[wallet] Node process hangs after SIGINT #18517

issue naumenkogs openend this issue on April 3, 2020
  1. naumenkogs commented at 4:05 pm on April 3, 2020: member

    I noticed it while testing current master (f0d6487e290761a4fb03798240a351b5fddfdb38). The node is in IBD: 2020-04-03T15:23:06Z Synchronizing blockheaders, height: 69998 (~12.07%) And I’m using Ubuntu 16.04. I will be happy to let someone willing to see it into the VM I’m using and provide instructions to reproduce.

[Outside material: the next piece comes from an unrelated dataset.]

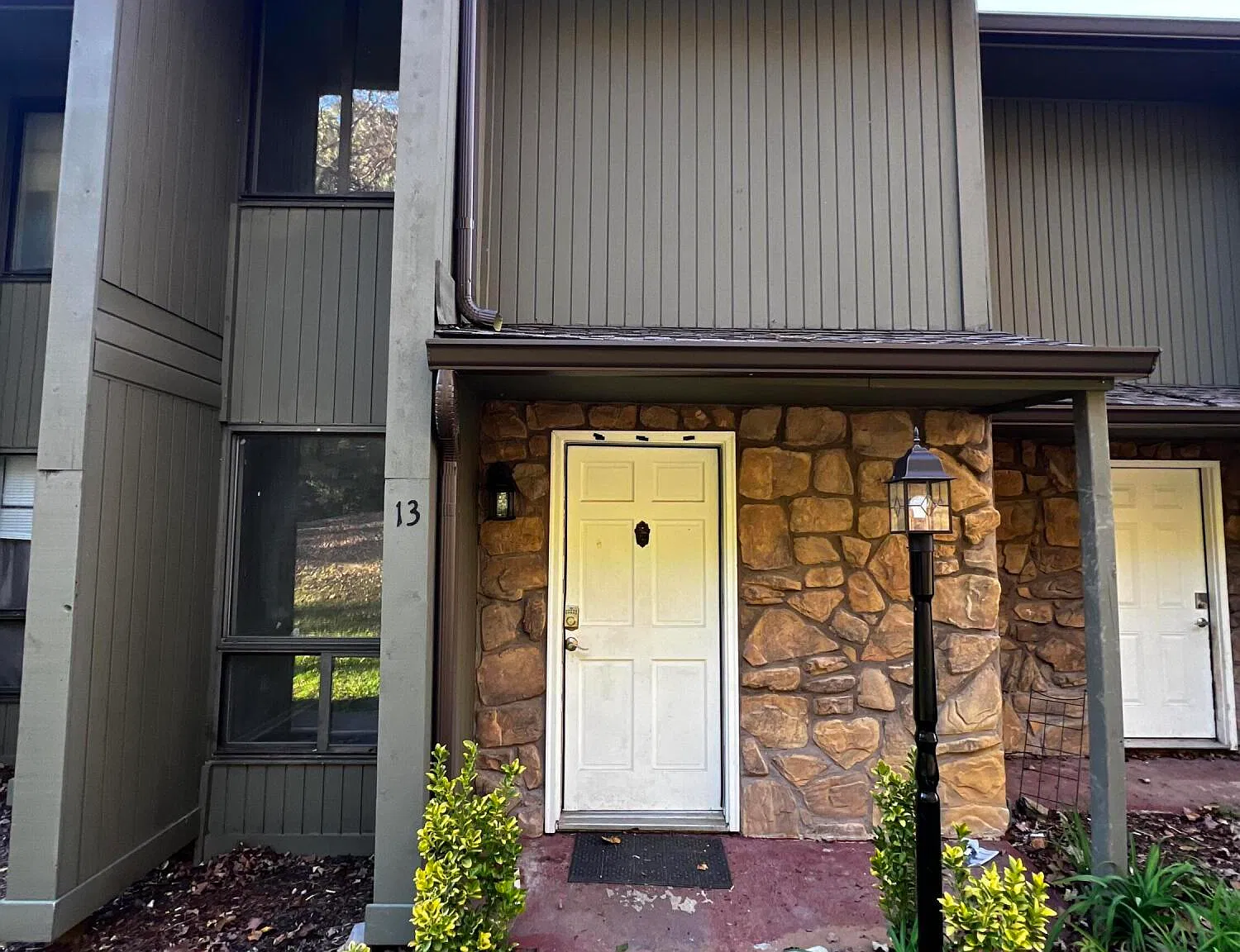 2 bed, 1000 sqft, $1,000 — Photo 1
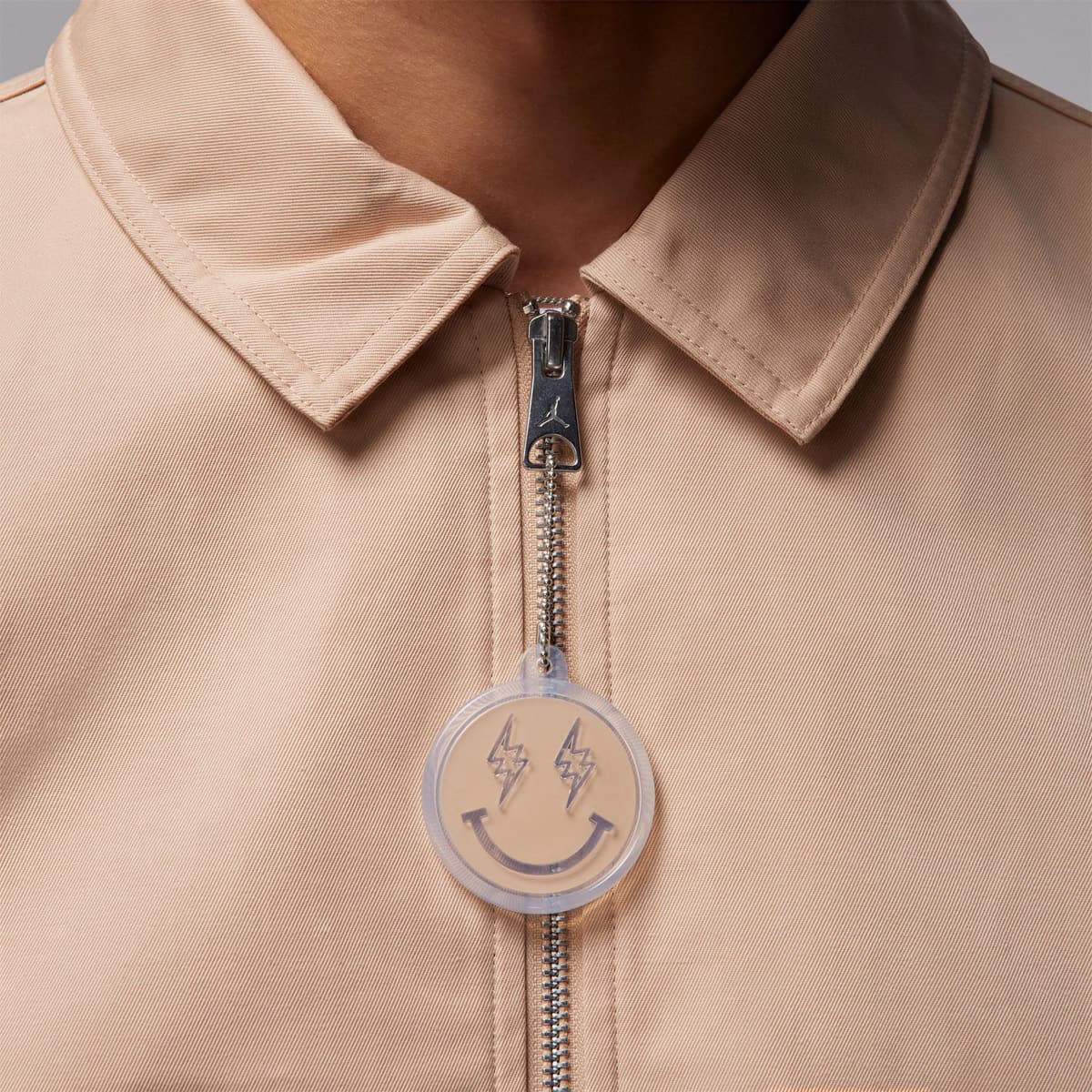 JORDAN BRAND M J JB WVN JKT BIO BEIGE 23FA-Sの画像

    Here’s how I compiled it: ./configure --with-incompatible-bdb PYTHONPATH= --disable-shared --with-pic --enable-benchmark=no --with-bignum=no --enable-module-recovery --disable-jni --disable-shared --with-pic --enable-benchmark=no --with-bignum=no --enable-module-recovery --disable-jni --no-create --no-recursion

    Steps to reproduce (it happens every time I repeat this sequence):

    1. src/bitcoind
    2. wait til see first message New outbound peer connected: version
    3. click Ctrl+ C (afaik this is SIGINT)
    4. The process stuck with these logs at the end:
     02020-04-03T15:23:12Z Synchronizing blockheaders, height: 73998 (~12.73%)
     1^C2020-04-03T15:23:13Z P2P peers available. Skipped DNS seeding.
     22020-04-03T15:23:13Z dnsseed thread exit
     32020-04-03T15:23:13Z tor: Thread interrupt
     42020-04-03T15:23:13Z Shutdown: In progress...
     52020-04-03T15:23:13Z torcontrol thread exit
     62020-04-03T15:23:13Z addcon thread exit
     72020-04-03T15:23:13Z net thread exit
     82020-04-03T15:23:13Z msghand thread exit
     92020-04-03T15:23:15Z opencon thread exit
    102020-04-03T15:23:15Z scheduler thread exit
    112020-04-03T15:23:15Z Dumped mempool: 4e-06s to copy, 0.002802s to dump
    122020-04-03T15:23:15Z FlushStateToDisk: write coins cache to disk (0 coins, 0kB) started
    132020-04-03T15:23:15Z FlushStateToDisk: write coins cache to disk (0 coins, 0kB) completed (0.00s)
    142020-04-03T15:23:15Z FlushStateToDisk: write coins cache to disk (0 coins, 0kB) started
    152020-04-03T15:23:15Z FlushStateToDisk: write coins cache to disk (0 coins, 0kB) completed (0.00s)
    
    1. Wait for several minutes, nothing happens.
    2. Try kill $PID, doesn’t do anything
    3. Finally, do kill -9 $PID to get rid of the process

    So, the process doesn’t take much CPU (0.4%), and gdb says it’s 2 threads:

    0  Id   Target Id                                     Frame
    1* 1    Thread 0x7fd51d48a740 (LWP 31824) "b-shutoff" pthread_cond_wait@@GLIBC_2.3.2 ()
    2    at ../sysdeps/unix/sysv/linux/x86_64/pthread_cond_wait.S:185
    3  2    Thread 0x7fd507fff700 (LWP 31834) "bitcoind"  pthread_cond_wait@@GLIBC_2.3.2 ()
    4    at ../sysdeps/unix/sysv/linux/x86_64/pthread_cond_wait.S:185
    

    Backtrace is here.

    Thanks to @vasild for letting me know how to call all that gdb stuff :)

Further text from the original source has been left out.